→ The task
Except for the images, repeat the entries below word for word.

→ Records from a collection
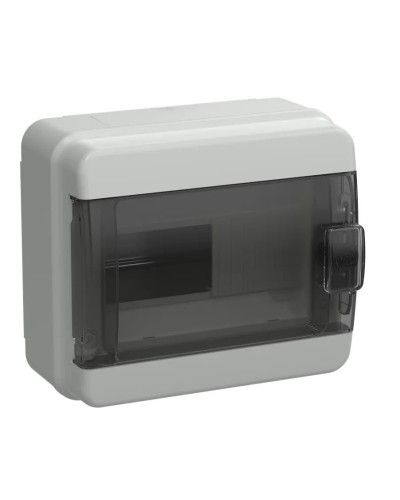 Корпус пластиковый КМПн-8 IP65 TEKFOR (TF5-KP72-N-08-65-K03-K02). Корпус модульный пластиковый черная прозрачная дверь. IEK в Копейске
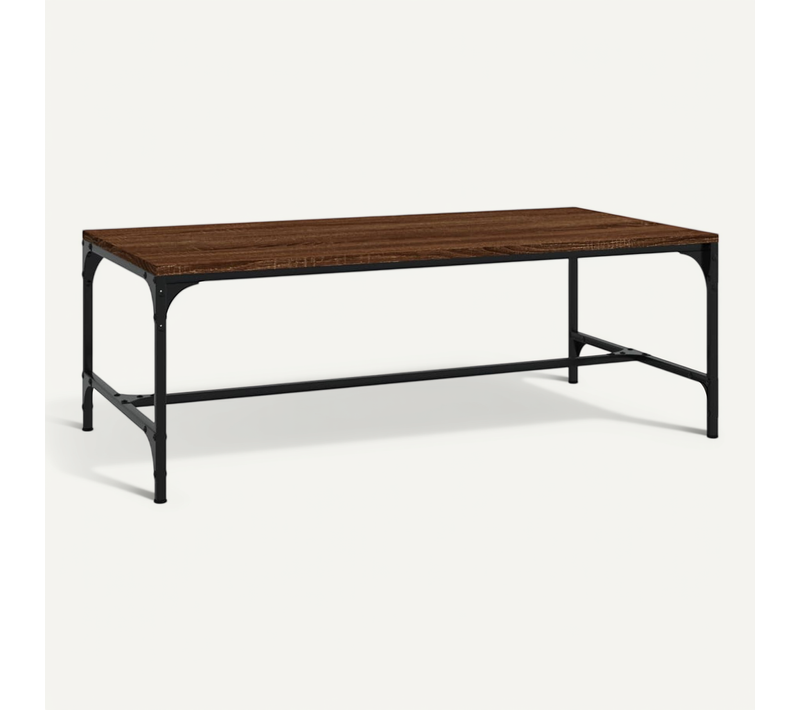Table Basse Chêne Marron 100x50x35 Cm Bois Contreplaqué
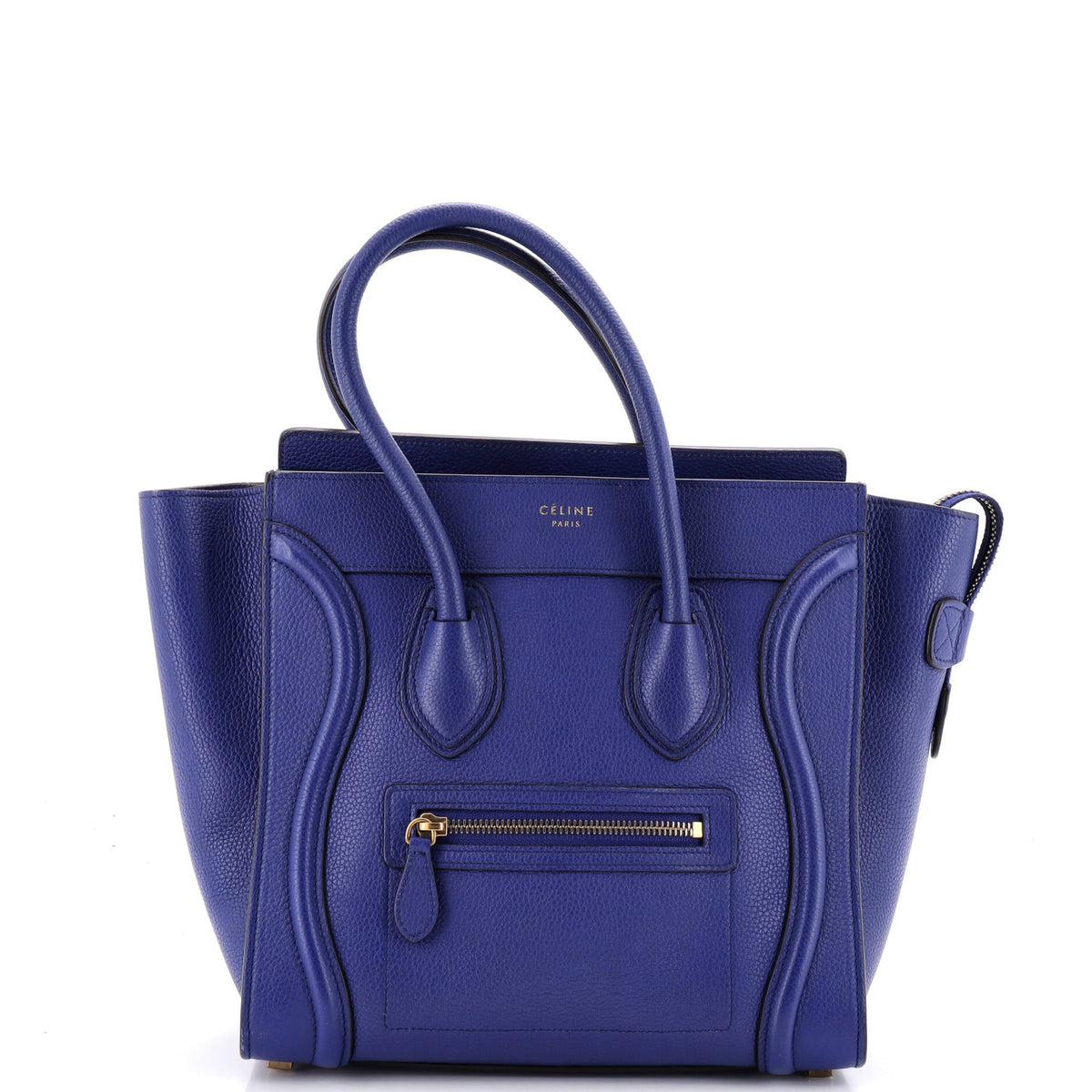 Luggage Bag Grainy Leather Micro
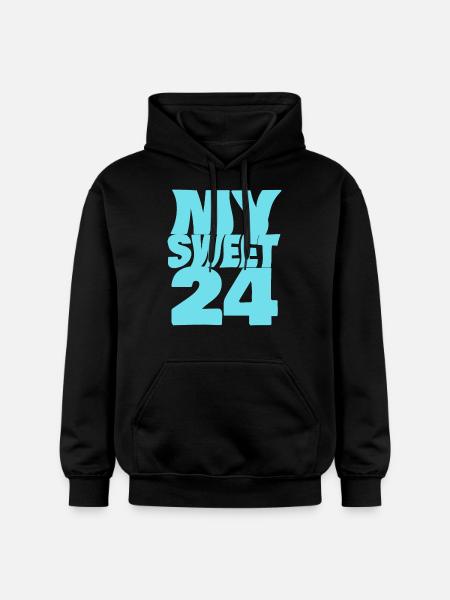 Sweet 24 - Gildan Unisex Softstyle® Midweight Hoodie - Schwarz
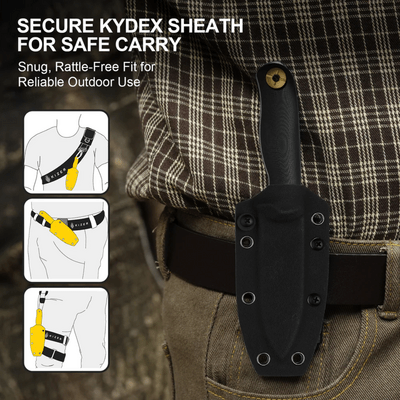 Kizer Drop Bear Fix 3 1095 Micarta - KNIFESTOCK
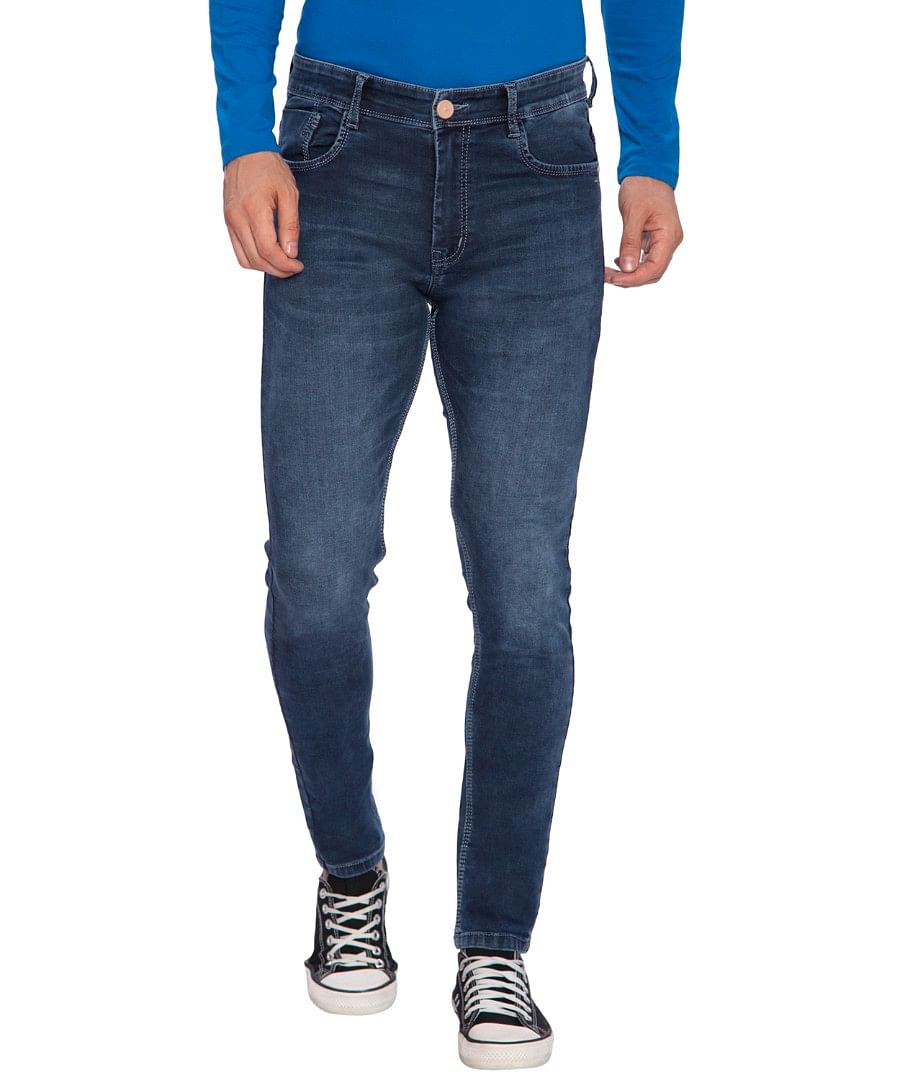 Authenzaa Men Truefit Jeans TFJSF004 Dark Blue 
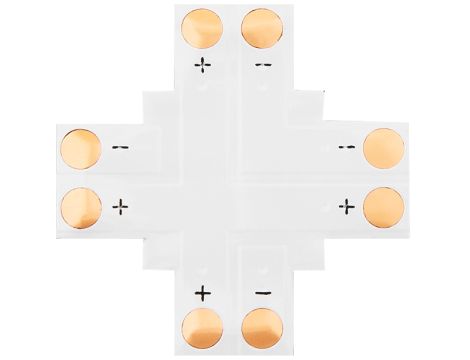 Stecker für LED-Streifen Typ "+" 8mm 2pin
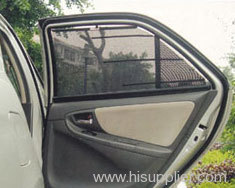 car rear side automatic sunshade curtain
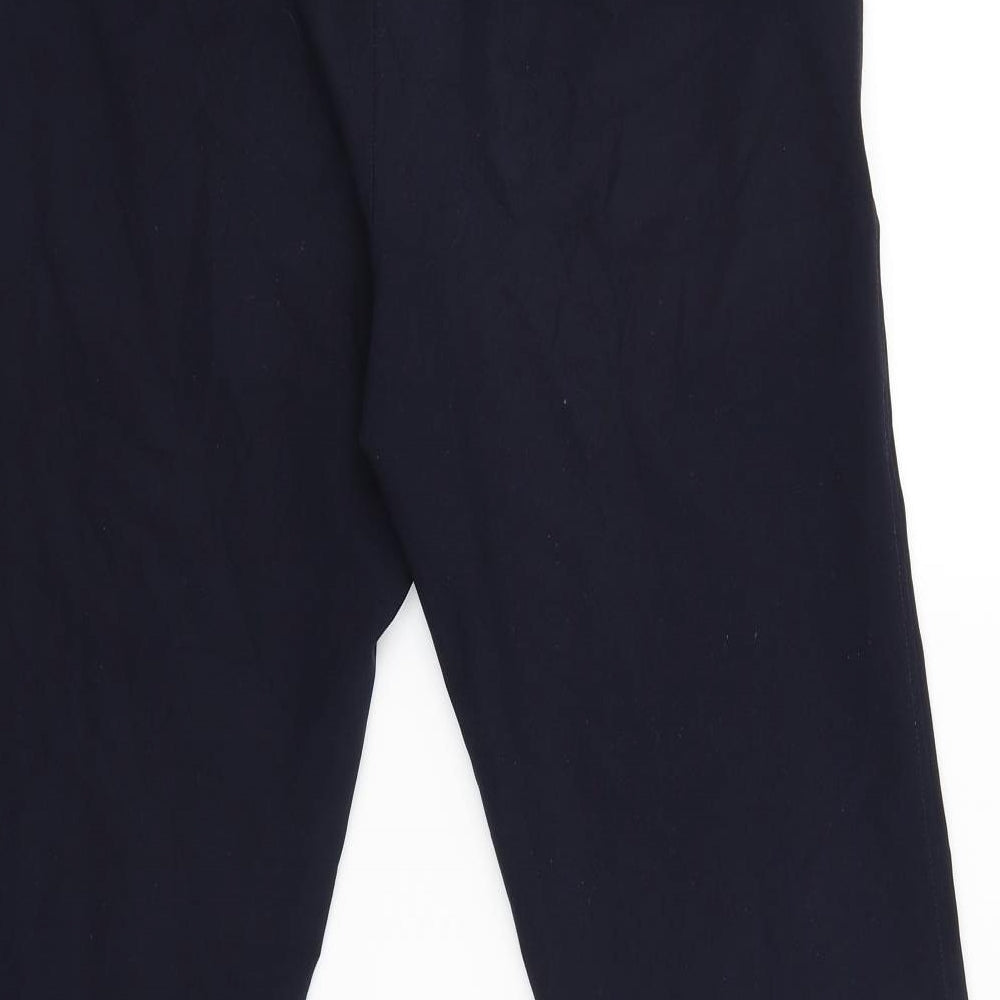 Marks & Spencer Womens Blue Trousers Size 32 L31 in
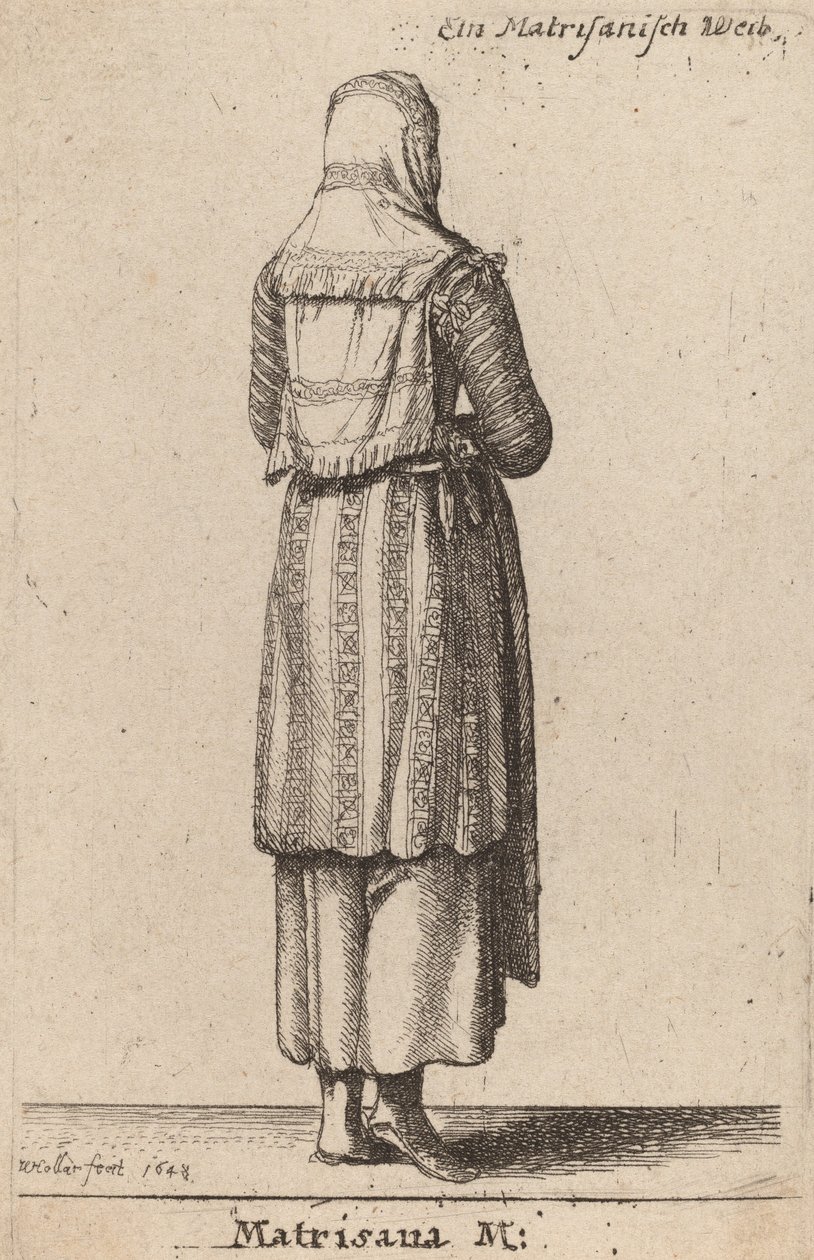 Matrisana M. by Wenceslaus Hollar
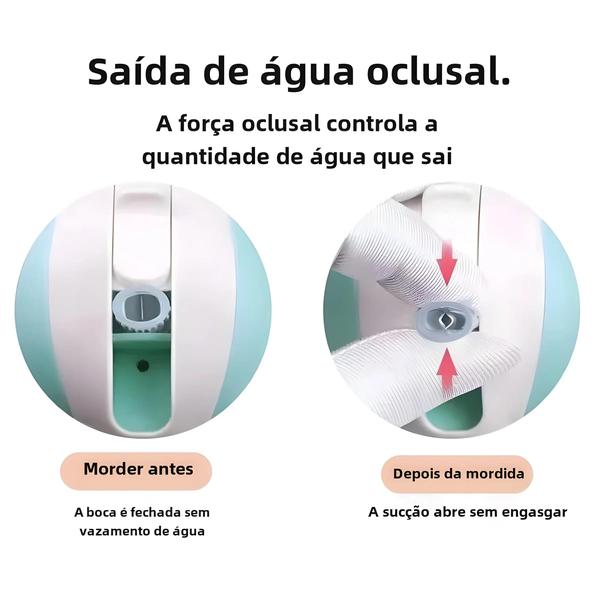 Imagem de Copo de Água Anti-Asfixia para Bebê - Design Bonito com Bico de Pato e Bola de Gravidade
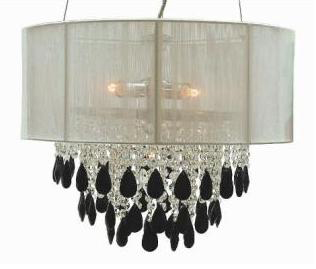 C182-1552/4+1-00943-White By Creative Creations-Rovello Collection White Finish 5 Light Crystal Chandelier with multi Crystals, White Shade
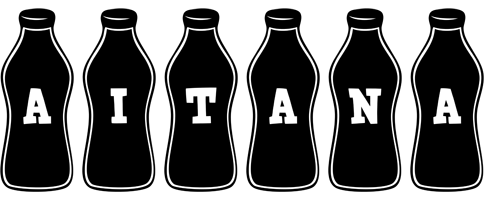 Aitana bottle logo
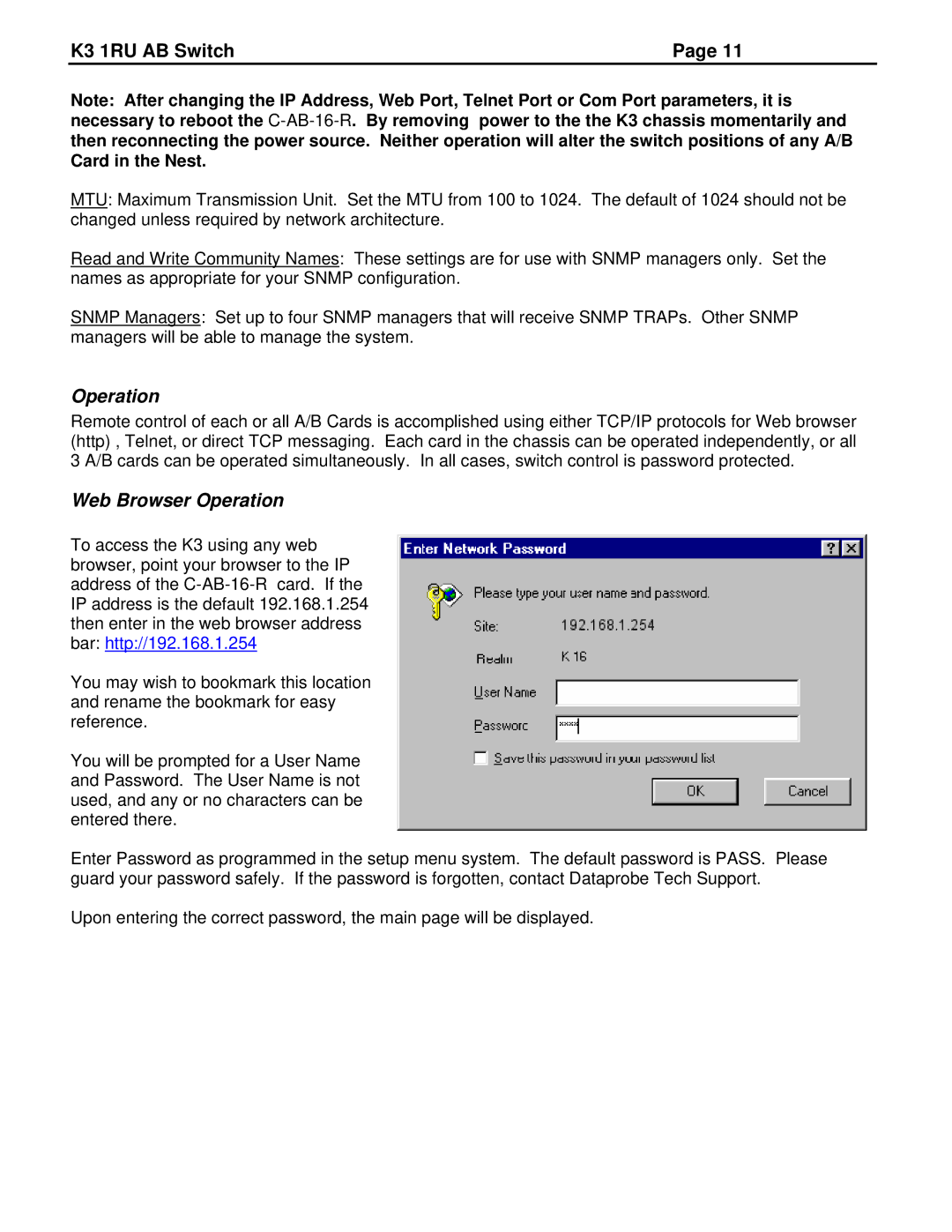 JVC K3-R specifications Web Browser Operation 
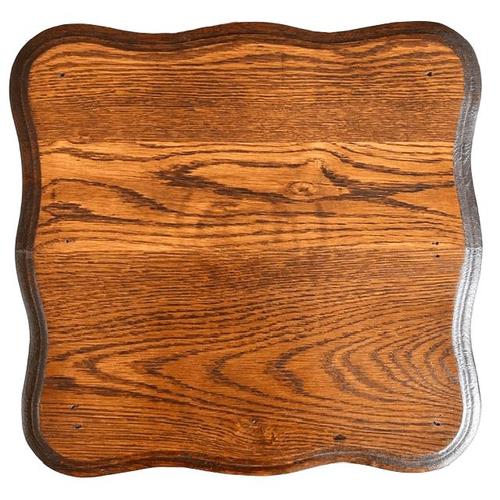 Tall Art Nouveau Oak Plant Table, 1920s For Sale - Image 3 of 6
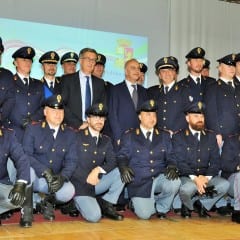Perugia, festa polizia: «Reati in diminuzione»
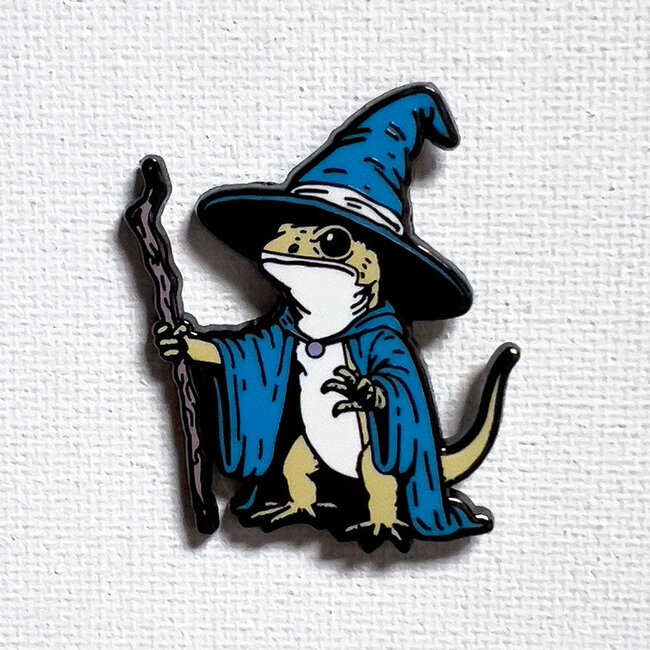 Strike Gently Co Lizard Wizard Pin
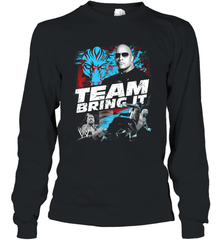 WWE The Rock Team Bring It Long Sleeve T-Shirt Long Sleeve T-Shirt - jonhlittlestore88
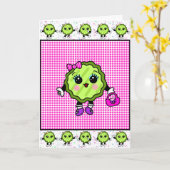 おしゃれなポジティブピクル | 面白ピクルコレクション カード (黄色い花)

→ Answer box
 Корпус пластиковый КМПн-8 IP65 TEKFOR (TF5-KP72-N-08-65-K03-K02). Корпус модульный пластиковый черная прозрачная дверь. IEK в Копейске
Table Basse Chêne Marron 100x50x35 Cm Bois Contreplaqué
 Luggage Bag Grainy Leather Micro
 Sweet 24 - Gildan Unisex Softstyle® Midweight Hoodie - Schwarz
 Kizer Drop Bear Fix 3 1095 Micarta - KNIFESTOCK
 Authenzaa Men Truefit Jeans TFJSF004 Dark Blue 
 Stecker für LED-Streifen Typ "+" 8mm 2pin
 car rear side automatic sunshade curtain
 Marks & Spencer Womens Blue Trousers Size 32 L31 in
 Matrisana M. by Wenceslaus Hollar
 Imagem de Copo de Água Anti-Asfixia para Bebê - Design Bonito com Bico de Pato e Bola de Gravidade
 C182-1552/4+1-00943-White By Creative Creations-Rovello Collection White Finish 5 Light Crystal Chandelier with multi Crystals, White Shade
 Aitana bottle logo
 JVC K3-R specifications Web Browser Operation 
 Tall Art Nouveau Oak Plant Table, 1920s For Sale - Image 3 of 6
Perugia, festa polizia: «Reati in diminuzione»
 Strike Gently Co Lizard Wizard Pin
 WWE The Rock Team Bring It Long Sleeve T-Shirt Long Sleeve T-Shirt - jonhlittlestore88
 おしゃれなポジティブピクル | 面白ピクルコレクション カード (黄色い花)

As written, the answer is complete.